Julia is a dynamic-typed language with a just-in-time compiler. This means that you don’t need to compile your program before you run it, like you would do in C++ or FORTRAN. Instead, Julia will take your code, guess types where necessary, and compile parts of code just before running it. Also, you don’t need to explicitly specify each type. Julia will guess types for you on the go.
The main differences between Julia and other dynamic languages such as R and Python are the following. First, Julia allows the user to specify type declarations. You already saw some types declarations in Why Julia? (Section 2): they are those double colons ::
that sometimes come after variables. However, if you don’t want to specify the type of your variables or functions, Julia will gladly infer (guess) them for you.
Second, Julia allows users to define function behavior across many combinations of argument types via multiple dispatch. We also covered multiple dispatch in Section 2.3. We defined a different type behavior by defining new function signatures for argument types while using the same function name.
Variables are values that you tell the computer to store with a specific name, so that you can later recover or change its value. Julia has several types of variables but, in data science, we mostly use:
Int64
Float64
Bool
String
Integers and real numbers are stored by using 64 bits by default, that’s why they have the 64
suffix in the name of the type. If you need more or less precision, there are Int8
or Int128
types, for example, where higher means more precision. Most of the time, this won’t be an issue so you can just stick to the defaults.
We create new variables by writing the variable name on the left and its value in the right, and in the middle we use the =
assignment operator. For example:
name = "Julia"
age = 9
9
Note that the return output of the last statement (age
) was printed to the console. Here, we are defining two new variables: name
and age
. We can recover their values by typing the names given in the assignment:
name
Julia
If you want to define new values for an existing variable, you can repeat the steps in the assignment. Note that Julia will now override the previous value with the new one. Supposed, Julia’s birthday has passed and now it has turned 10:
age = 10
10
We can do the same with its name
. Suppose that Julia has earned some titles due to its blazing speed. We would change the variable name
to the new value:
name = "Julia Rapidus"
Julia Rapidus
We can also do operations on variables such as addition or division. Let’s see how old Julia is, in months, by multiplying age
by 12:
12 * age
120
We can inspect the types of variables by using the typeof
function:
typeof(age)
Int64
The next question then becomes: “What else can I do with integers?” There is a nice handy function methodswith
that spits out every function available, along with its signature, for a certain type. Here, we will restrict the output to the first 5 rows:
first(methodswith(Int64), 5)
[1] AbstractFloat(x::Int64) @ Base float.jl:268
[2] Float16(x::Int64) @ Base float.jl:159
[3] Float32(x::Int64) @ Base float.jl:159
[4] Float64(x::Int64) @ Base float.jl:159
[5] Int64(x::Union{Bool, Int32, Int64, UInt16, UInt32, UInt64, UInt8, Int128, Int16, Int8, UInt128}) @ Core boot.jl:784
Having variables around without any sort of hierarchy or relationships is not ideal. In Julia, we can define that kind of structured data with a struct
(also known as a composite type). Inside each struct
, you can specify a set of fields. They differ from the primitive types (e.g. integer and floats) that are by default defined already inside the core of Julia language. Since most struct
s are user-defined, they are known as user-defined types.

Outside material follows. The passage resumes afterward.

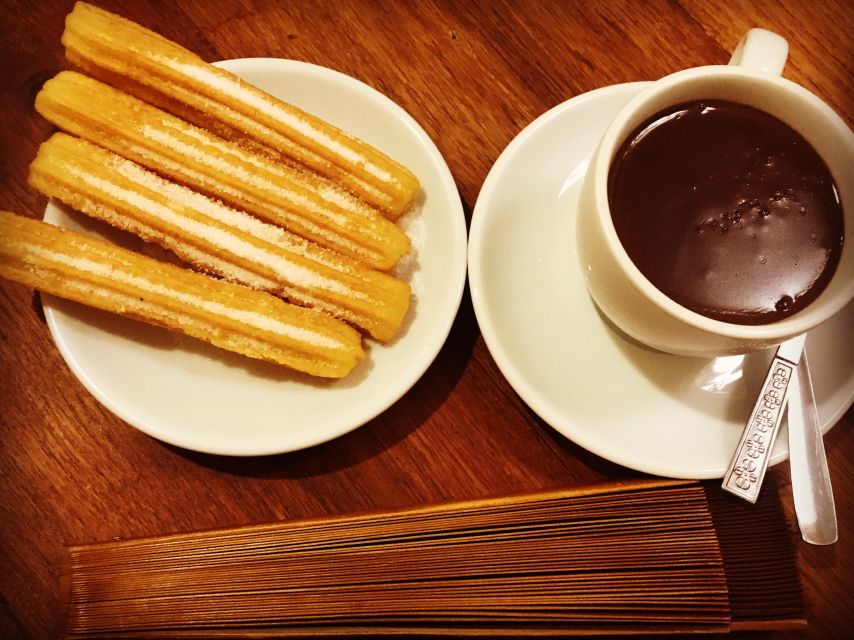 Barcelona: Food & Drink Tasting Tour in Traditional Taverns - Key things I’d circle on this tour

For example, let’s create a struct
to represent scientific open source programming languages. We’ll also define a set of fields along with the corresponding types inside the struct
:
struct Language
name::String
title::String
year_of_birth::Int64
fast::Bool
end
To inspect the field names you can use the fieldnames
and pass the desired struct
as an argument:
fieldnames(Language)
(:name, :title, :year_of_birth, :fast)
To use struct
s, we must instantiate individual instances (or “objects”), each with its own specific values for the fields defined inside the struct
. Let’s instantiate two instances, one for Julia and one for Python:
julia = Language("Julia", "Rapidus", 2012, true)
python = Language("Python", "Letargicus", 1991, false)
Language("Python", "Letargicus", 1991, false)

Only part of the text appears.